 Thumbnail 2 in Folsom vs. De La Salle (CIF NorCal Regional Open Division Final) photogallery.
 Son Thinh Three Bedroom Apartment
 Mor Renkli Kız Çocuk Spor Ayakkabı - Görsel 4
------------------------------------
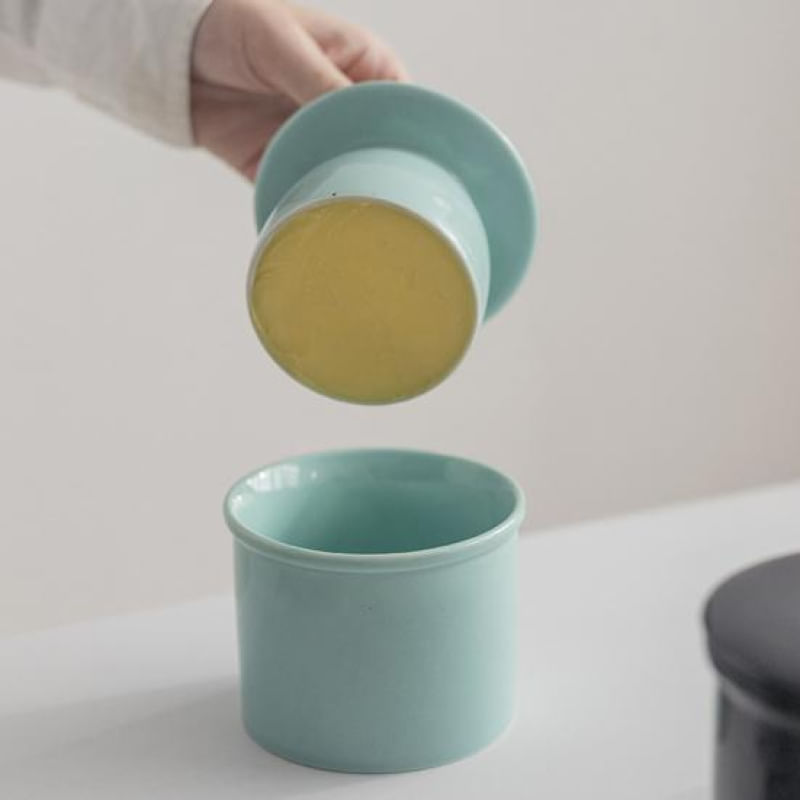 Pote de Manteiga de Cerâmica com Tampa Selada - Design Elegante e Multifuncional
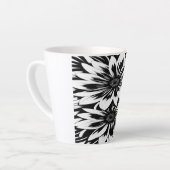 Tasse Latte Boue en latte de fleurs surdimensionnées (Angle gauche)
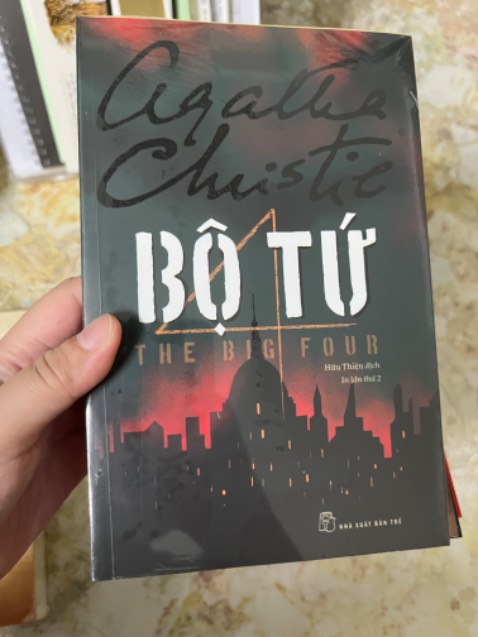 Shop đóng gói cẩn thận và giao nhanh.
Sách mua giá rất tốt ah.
------------------------------------
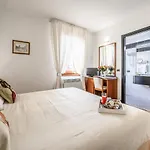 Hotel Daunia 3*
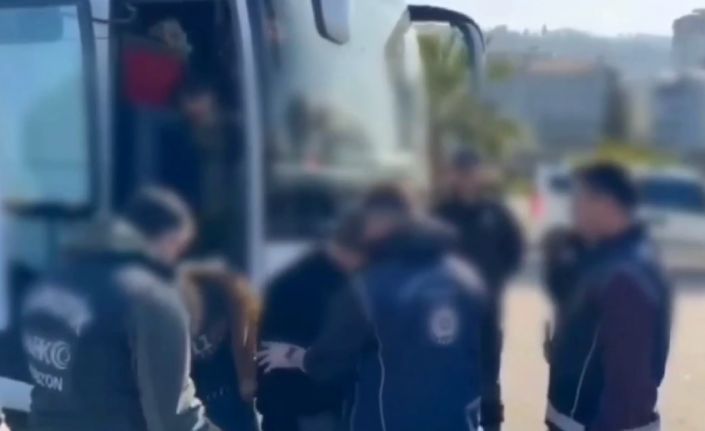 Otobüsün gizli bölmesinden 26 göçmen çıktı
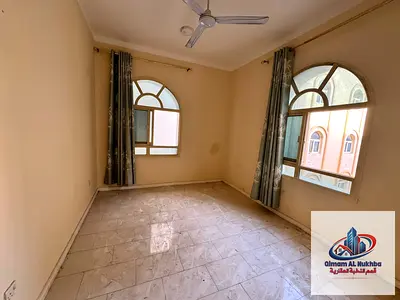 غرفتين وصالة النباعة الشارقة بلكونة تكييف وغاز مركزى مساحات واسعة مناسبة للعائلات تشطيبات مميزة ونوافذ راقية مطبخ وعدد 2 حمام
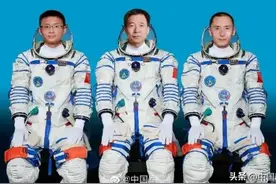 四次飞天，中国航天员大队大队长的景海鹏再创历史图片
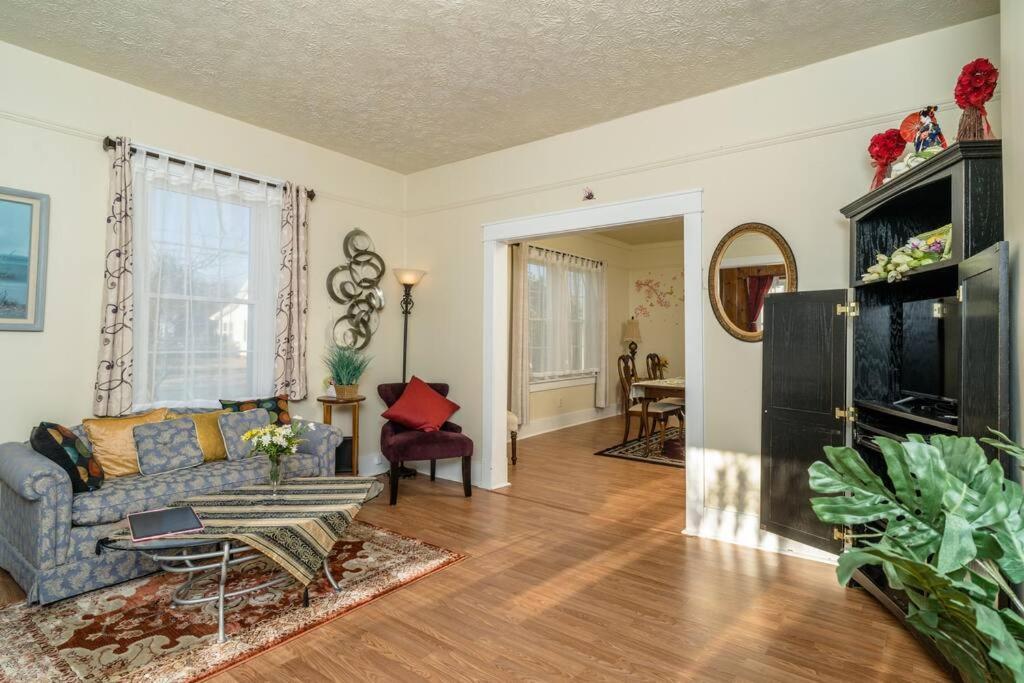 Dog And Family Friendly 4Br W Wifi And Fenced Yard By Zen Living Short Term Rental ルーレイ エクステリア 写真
------------------------------------
Task brief: Once the line with "Hotel Daunia 3*" is found in the data above, reproduce it and each line after it exactly, through the line with "Dog And Family". Omit the pictures.

Response to this task:
 Hotel Daunia 3*
 Otobüsün gizli bölmesinden 26 göçmen çıktı
 غرفتين وصالة النباعة الشارقة بلكونة تكييف وغاز مركزى مساحات واسعة مناسبة للعائلات تشطيبات مميزة ونوافذ راقية مطبخ وعدد 2 حمام
 四次飞天，中国航天员大队大队长的景海鹏再创历史图片
 Dog And Family Friendly 4Br W Wifi And Fenced Yard By Zen Living Short Term Rental ルーレイ エクステリア 写真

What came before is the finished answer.